Its amazing that there hasn't been more commentary. Its kind of like a forward being taken down in the penalty box -- its either a penalty kick or the forward should get a yellow card for diving. Either Paulson should be fired or Morgenson should be called to task. The silence is deafening.

Posted by: Ted Murphy | Oct 1, 2008 9:53:12 AM

Me, I get a kick out of how fast things went from "the economy is strong" to " holy sh!t we're DOOMED!" so fast that McCain couldn't keep up. Also love how just a couple of weeks ago Gramm assured us that the bad economy was all in our heads. Yeah? Well now it's in yours too, pal.
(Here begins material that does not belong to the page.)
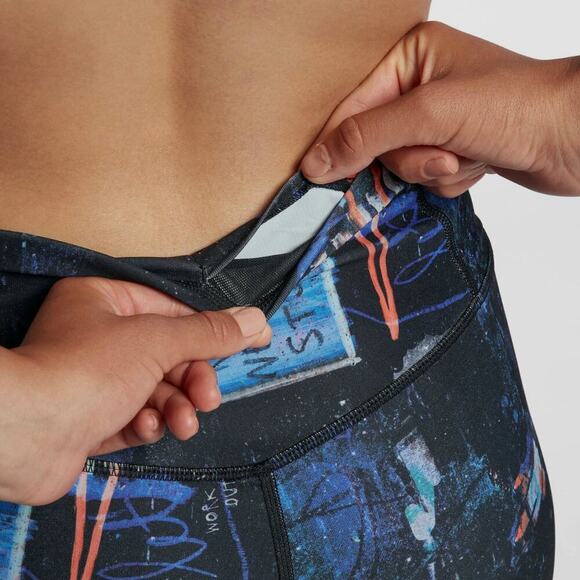 Nike Victory Power Crop Leggings Pants M | Graffiti Print, Dri-FIT, Mesh Panels - Picture 3 of 8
Add to that touches like how the $700B figure was just a random large number, and was not a final limit anyway but just a rolling amount, and how a clause inserted in the proposal specified that Paulson's actions would not be subject to review or court action of any kind and it all sure looks like stealing the silverware on the way out.

Of course I love how McCain was so indispensable that he simply had to drop everything to personally oversee the vote (even though he hadn't bothered to even read the *three whole pages* that the proposal was written on), and he took credit for its passage before the voted actually happened (even though it went down in flames, and more Republicans voted against than Dems, and no AZ Republicans voted in favor), and finally he pronounced the aftermath as "no time to place blame" even though he personally blamed Obama within the previous ten seconds.

Stay classy, John.

Posted by: tatiana | Oct 1, 2008 2:06:45 AM

This whole financial debacle reeks of cronyism. But then, that's the obvious. I wonder what the hidden is?

Great piece of reposting here Joe. Many thanks. I used to thing Robert Rubin was sort of ok. Now, with the Goldman Sachs resume, I'm not so sure anymore.